Teaching During COVID: How WPU Faculty Continued Engaging Classes
Thanks to donors’ generous support of the Loyalty Fund, William Peace University faculty and staff were able to provide the resources needed to educate students in an engaging classroom environment, despite the challenges brought on by COVID-19. Classroom learning was excelled through these resources. The Loyalty Fund helped to fund needs such as clear touch panels, wireless microphones, and more.
At the start of the 2020-21 academic year, university communities across America were struggling to discern how to operate in the new socially distant world. In the face of this, WPU faculty and staff came together to provide the best quality education for our students.
WPU faculty and staff worked to create an engaging learning environment, both in person and virtually. Through hybrid courses, interactive whiteboards, Zoom seminars and more, faculty went above and beyond to meet the needs of the William Peace Community.
Two faculty, in particular, lead the charge to the new way of learning, Roger Christman, Department Chair of Art, Communication, and SGD; Associate Professor of Art, Communication, and SGD, and Chris Born, Ph.D., as Director of Immersive Learning. Their combined skills and resources enabled classrooms to be both flexible and adaptable.
As professors, they said they experienced difficulties trying to transition to the new teaching methods. They wanted to enable the campus to transition smoothly. They helped faculty transition to teaching students in-person and virtually at the same time by leading and coordinating Zoom seminars and coordinating the acquisition of new technology and resources.
“It was very difficult,” Born explained. Classes would meet in person and virtually at the same time.
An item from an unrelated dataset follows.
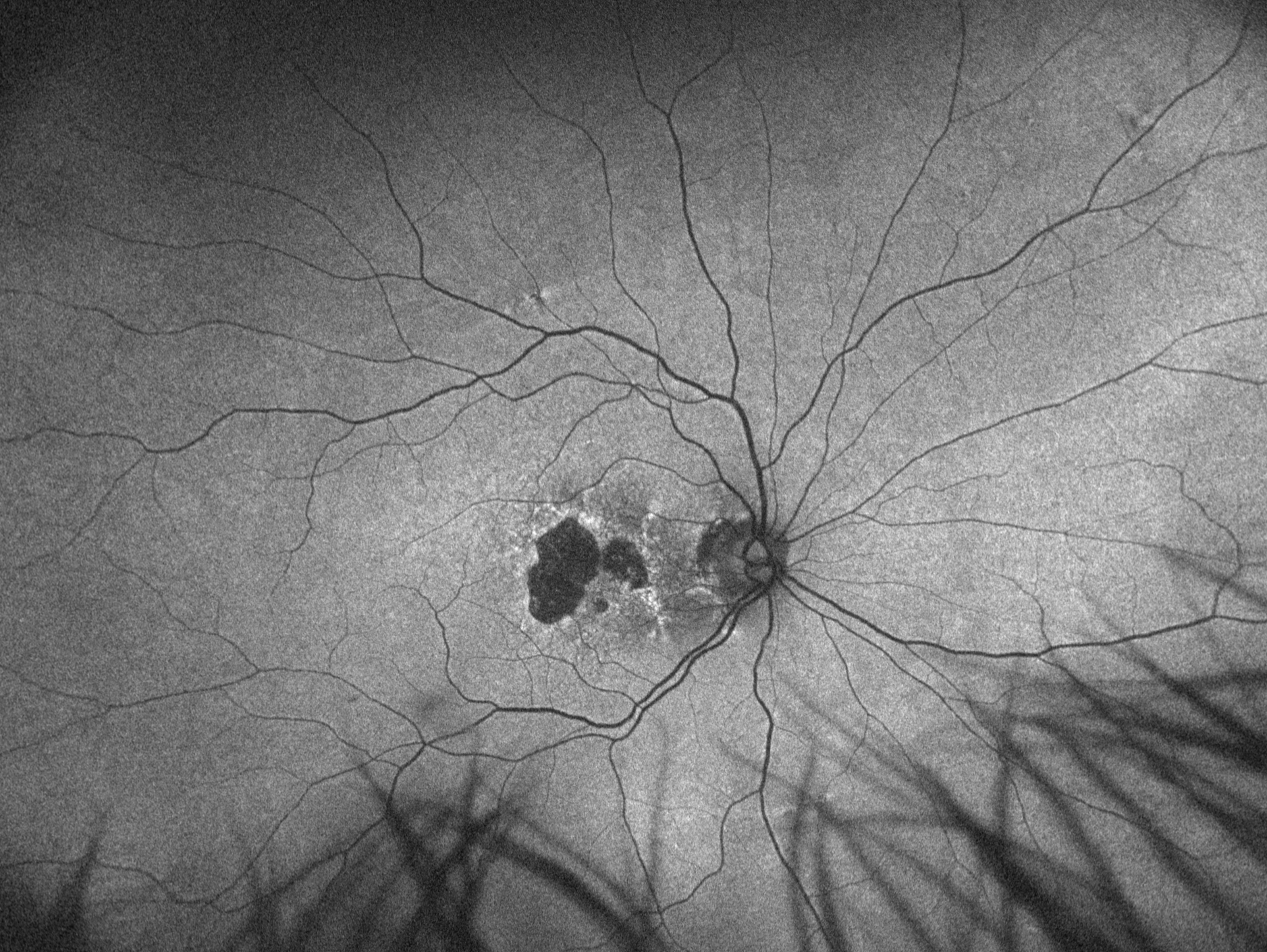 Fundus autofluorescence (FAF)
Teachers would lecture on camera and to students in front of them. They would wear a microphone to ensure all students could hear them while using an interactive whiteboard, or a clear touch panel, to make presentations visible to remote learners as well as those in the classroom.
Faculty provided for students through these hybrid courses, but also in a myriad of ways. Some classes were taught in larger spaces, like Kenan Recital Hall or the gym in the Hermann Athletic Center, Christman said. Other tools, like the educational software Padlet, allowed students to engage in virtual discussion boards with each other in real-time.
“Courageous confidence was key for faculty to succeed in this,” Born said. “They had to be confident in themselves and in each other to change their classrooms. Faculty supported each other by helping train others on these tools.”
“The faculty were incredibly courageous in using technology they had no previous exposure to,” Born said.
Christman added, “The faculty just really stepped up and they had a tremendous learning curve. But they had tremendous adaptability. This pandemic really showed our strengths.”
These tools were able to function effectively thanks to WPU’s IT Department. Additionally, IT updated campus infrastructure and bandwidth to meet new WiFi needs.
Overall, the updates and changes made to campus in the past year jumped campus technology ahead by nearly a decade, said Christman.
“It is incredible to work in an institution where everyone has confidence in one another, and people are willing to support innovation and try new things,” Born said. “We all have the same goal in mind and that is to benefit the student.”